Here is a sampling of research activity the Working Group has permitted, together with some short, impromptu video clips in which researchers Emily Lacroix, John Hardy, and Chris Field each took a few minutes to explain what they’re doing and why. All researchers have worn face coverings consistently while working in the field, and maintained physical distancing.
Emily Lacroix, a Stanford PhD candidate in Earth Systems Science, applied to collect soil cores from the margin of Searsville Reservoir in order to repeat her July 2019 work at the same site. For her study, which focuses on how carbon is stored in or released from soils, it was essential that the site and the time of year be fixed. Another important element of her proposal was that she had received permission to resume work in the lab on campus where she processes her soil cores. In this video, Emily explains how cores from the lake margin are important to her research.
John Hardy, a hydrologist at Balance Hydrologics, Inc., needed to do essential maintenance on sensors that track the water level in Searsville Reservoir and its chemistry.

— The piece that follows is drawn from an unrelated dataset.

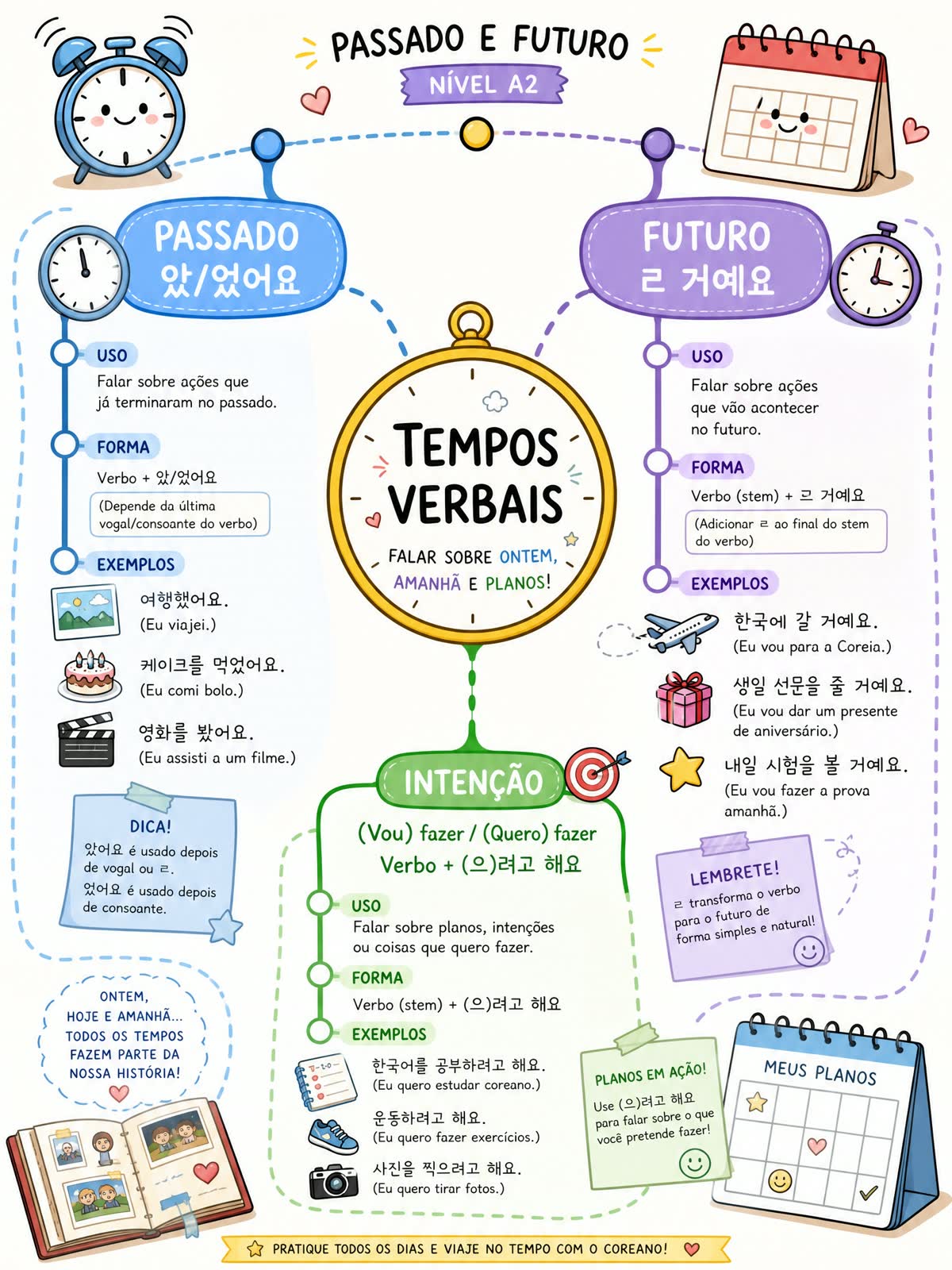 Mapa mental, tempos verbais (passado e futuro)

The year’s low rainfall reduced inflow to the reservoir during summer, at the same time that water diversion from the reservoir was continuing. As a result, the water level in the reservoir dropped below the sensors, and John needed to lower the sensors into the water and reference their position. He also performed essential maintenance on stations that monitor Bear Creek and the creek below the dam. In this video, John describes the sensors in the reservoir.

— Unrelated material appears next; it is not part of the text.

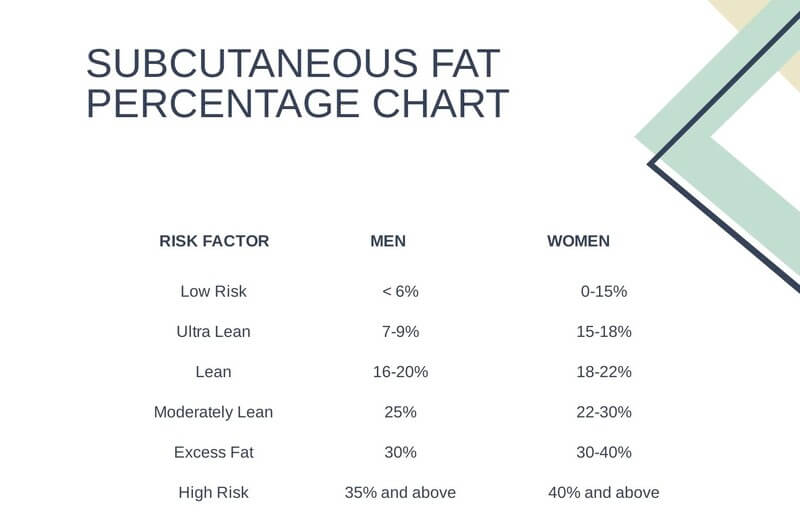 Cách xác định tỷ lệ mỡ dưới da Subcutaneous Fat là gì? 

Chris Field, a professor in Biology and in Earth Systems Science, has a monitoring station (an “eddy flux” station) on the ridge top that tracks the exchange of CO2 and water vapor between the grassland and the atmosphere. Chris monitors the station via the internet, and found that he needed to recalibrate the instrument that measures the concentration of CO2 in air. Onsite he also discovered that some sensors had a film of ash. In this video, Chris explains the principles of the eddy flux station and the calibration he was performing.